The lesson the play you are about to watch is not as simple as “don’t talk to strangers” or “respect others’ property”, but it is one that we should have been taught as children. If you haven’t learned it, our hero Medea will enlighten you. Before you leap to judgments of her, look to the history of men who acted as she did. Bellerophon. Agamemnon. Odysseus. Hercules. We often forgive the actions of men for which we reproach women. We praise these men for their greatness, yet cast blame and disgrace on the Medeas and Clytemnestras of lore. While her former husband, Jason, hurls insult after insult, debasing her, calling her a “she-lion” and an “abomination”, you must see that she has only imitated the heroes that preceded her. So if you think you’ve met her before, think again. The cunning, promiscuous, evil-bearing Medea has been wiped clean of the shame that men have cast upon her for centuries. This play will reinvent a Medea who has been abused for 2,000 years.

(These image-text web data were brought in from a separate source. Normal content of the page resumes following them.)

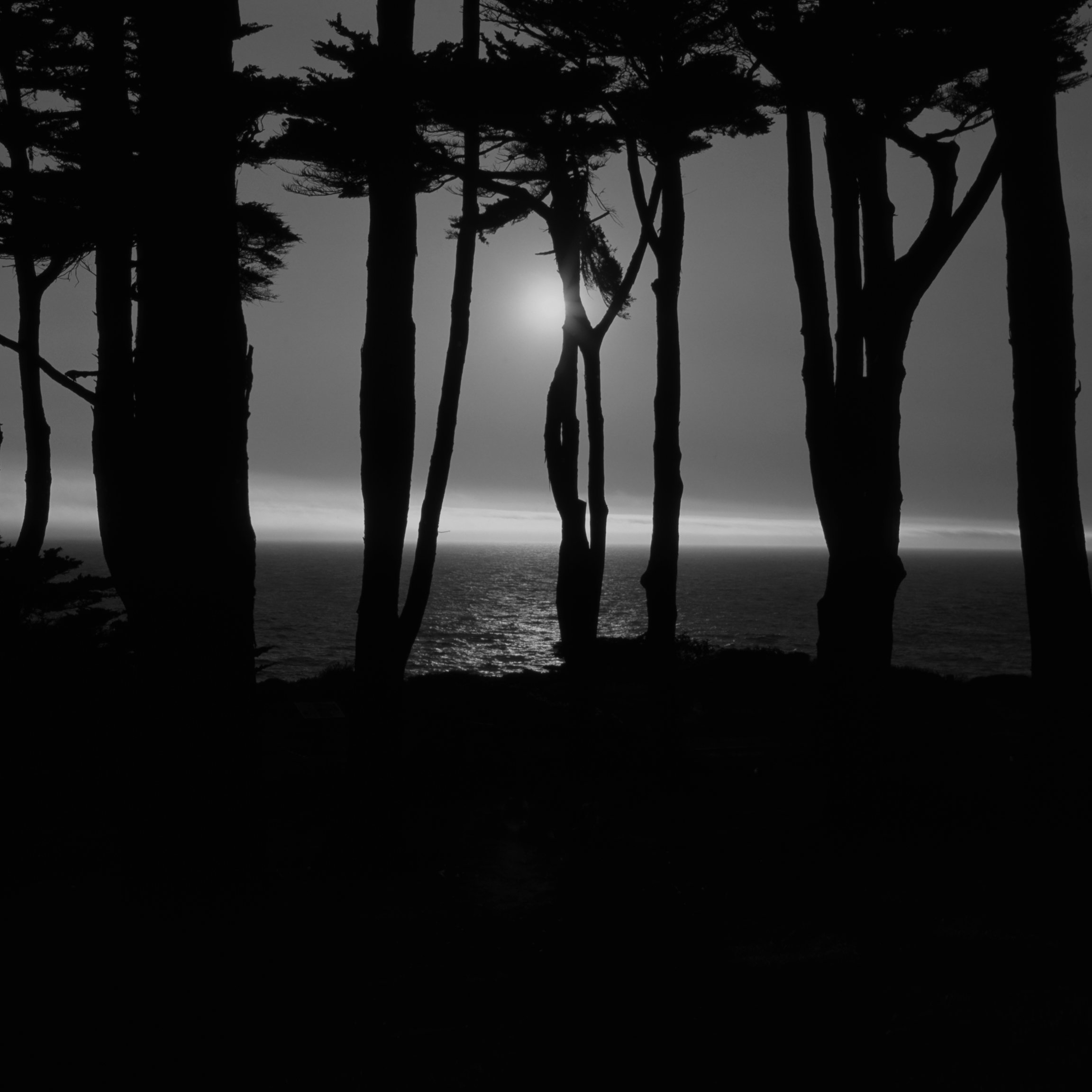 The Elegance of Strength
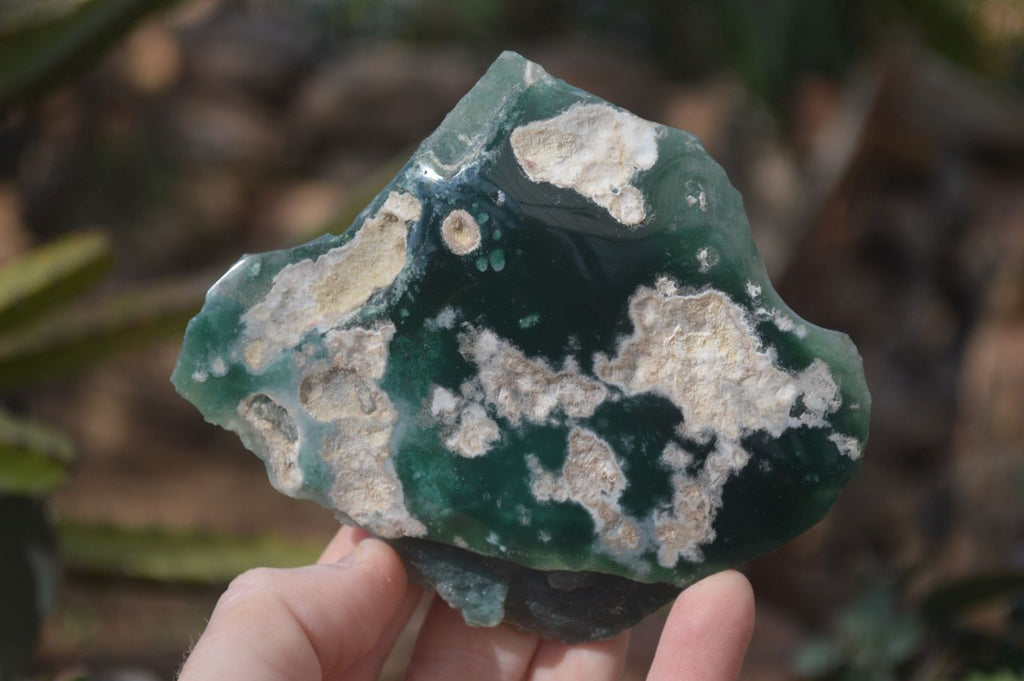 Polished One Side Polished Emerald Mtorolite Plates  x 6 From Zimbabwe - Toprock Gemstones and Minerals 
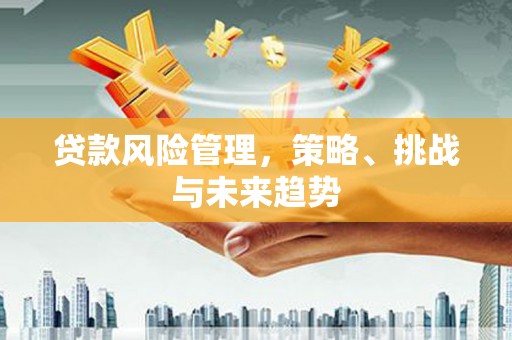 安化贷款风险管理，策略、挑战与未来趋势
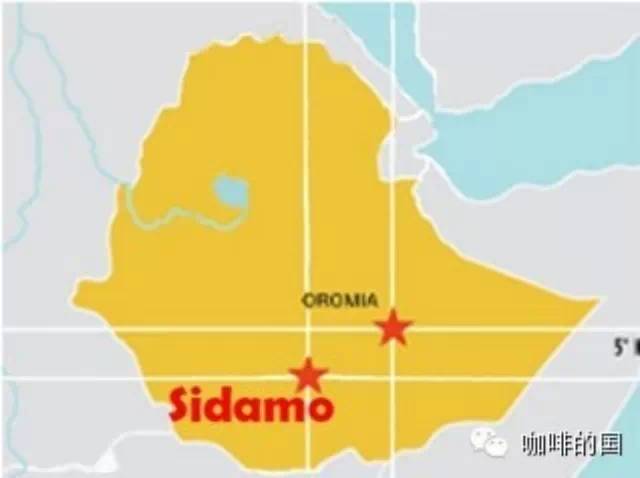 埃塞俄比亞的西達摩精品咖啡豆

How can we do that? Let’s allow the scene to speak. Let the melody of the birds and the shadows cast by feathered leaves invite your imagination to picture a Medea in this world. One which you may envision woodland creatures and fairies and magic. One in which you may recall the helplessness of a child being led astray or the terrors lurking in the dark. This land of fabled familiarity will open your eyes to the possibility that Medea is just as helpless as a child in the woods. Now, as she enters the warm light that peeks through the canopy, Medea is devastated, lost, and alone. You are confronted with her humanity. You must see the woman struck by Aphrodite’s divine passion, cursed to love a man who was fated to abuse her. A man who, after she slays a dragon for him, kills her father for him, and abandons her family for him, devastatingly declares that he never loved her. Cast out with words that twist daggers in her love-cursed heart, Medea seeks solace in this landscape, as so many have before her and continue to long after.
Here she stands, a foreigner who no longer has a place to call home, treated like a dog by all she had called her family, driven mad with love and shame. She is not well. This is the Medea who finds a desire for revenge. It is her who will go to any lengths to rebalance the scales, to set things right. The world and the gods and those she loved have tossed her around for so long that she has lost herself. What our heroine finds in this place is something deep in the essence of her being: resilience.
“Let no one think that I’m a trivial woman, a feeble one who sits there passively. No, I’m a different sort... Lives like mine achieve the greatest glory.” Her words resound, echoing through the cold, clear air. She’s right, too. Lives like hers are remembered. Medea basks in the glow of a hero. She will not be playing the part you may have anticipated, but one that draws her out of infamy and into sympathy.